Tratando de probar algo diferente, nos fuimos a un restaurante de cocina de la India, que está a un lado de Polanco, muy cerca del hotel Camino Real, en la colonia Nueva Anzures.
Llegamos temprano y, ¡lotería!, encontramos un lugar enfrente para estacionarnos, porque los de valet parking brillaban por su ausencia. Entramos a una decoración de bazar oriental y encontramos que en todo el local sólo había un par de británicos.
Para ser una noche de jueves, la concurrencia fue paupérrima, sólo otra mesa también de británicos y una familia de hindúes y nosotros, como representantes de la raza de bronce.
El único detalle que nos recordó que estábamos en México, fue la indolencia de los meseros, que aunque no había nadie se la pasaban chacoteando y sin atender como se debe.
La carta de alimentos era muy extensa, y hasta numerada para facilitar la orden, y con una explicación simple de cada platillo. Tenía muchas secciones y gran variedad. Pero el servicio en ningún momento se tomaba la molestia de explicar en qué consistía por ejemplo el Beef Tikka, que para un neófito suena como a “what?”. De eso y de la concurrencia dedujimos que era un lugar sólo para iniciados.
De entrada pedimos unas Queema samosa que en contra de lo que pudiera pensarse no es que estuvieran muy calientes y sabrosas en expresión de un bebé de dos años. Eran tres empanadas fritas rellenas de carne ($60); la técnica de fritura estaba muy bien realizada pero faltaba relleno, lo que convertía al plato en algo muy seco. El relleno era carne molida de res, jugosa, bastante condimentada (como todo lo hindú), predominando el comino.
La segunda entrada que pedimos fue un plato vegetariano Aalu Mattar ($80), que consistía en una mezcla de chícharos con papas guisadas en salsa de curry rojo. Buena cocción y un excelente sabor, las verduras se deshacían en la boca y equilibraban lo fuerte de la salsa.
Todo lo compartimos, hasta los platos fuertes que eran el Beef Tikka ($140) famoso, que según la carta era un filete mignon en tandoor en tikka masala, lo que sea que eso signifique. No era muy bueno, muy cocido y duro de textura, aunque la salsa sí estaba buena.
Y también pedimos un chiken Julfrezi ($115) anunciado como pollo deshuesado en salsa curry y jengibre, pero que en realidad eran trozos de pollo. Tenía muy buen sabor, predominando el gusto del jengibre y ‘lemon grass’; picante pero fresco a la vez.

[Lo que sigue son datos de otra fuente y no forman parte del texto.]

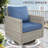 Clute Arnoltice All-Weather PE Wicker Outdoor Patio Swivel Rocking Lounge Chairs With Cushions (Set Of 2)-1597899012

Para acompañar pedimos un Vegetable Pulaoo ($80), arroz con verduras que no era nada especial y tenía como tres verduras aparte de que era híper especiado con comino y clavo (que no es crítica porque así es el plato).
Ya que la carta de vinos era muy limitada, aunque a muy buen precio, decidimos maridar con un vino tinto Aliwen reserva ($315), un coupage entre Cabernet y Carmenere, chileno, de las bodegas Undurraga.
Sin importar que lo que ya habíamos cenado ya era muy pesado, decidimos pedir un postre y algo que nos ayudara a la digestión. Así, escogimos un Mango Lassi ($32), que es una bebida de yogurt natural con mango simplemente deliciosa, y además un pastel de dátil con nueces ($33) que no se veía muy apetitoso, pero sí estaba bueno.
La experiencia fue muy interesante pero no fue ni con mucho la más gratificante, por la falta de atención y de disposición para aclarar las dudas, que habría sido muy útil en un restaurante que implica otro idioma y costumbres.
Lo que sí es que la calidad de las preparaciones era buena y eso se reflejaba en que la mayoría de los asistentes eran extranjeros que conocen bien este tipo de cocina. Sin embargo, la falta de apertura a la concurrencia nacional hace que esté tan vacío. Y fijándonos un poco en la mesa de los hindúes de al lado, nos dimos cuenta de la enorme falta de asesoría que tuvimos al pedir los platos, porque todo lo que pidieron ellos se veía mucho más sabroso que lo nuestro.
Aunque somos conscientes de que era un local entre cafetería y restaurante, si nos decepcionó la decoración que esperábamos que nos transportara a lugares más lejanos y no a un bazar “X” de la Avenida Insurgentes, con manteles que parecían la falda de la abuelita, muebles pesados, y una arquitectura cuadrada de la que no se buscó sacar provecho alguno, sino simplemente rellenarlo.
Con todo, si les gusta la comida Hindú, vale la pena ir. Y si no conocen mucho lleven un diccionario hindi–español. Es mejor ir a comer que a cenar, porque en el último caso no van a dormir muy fácilmente, ya que es comida muy pesada y condimentada.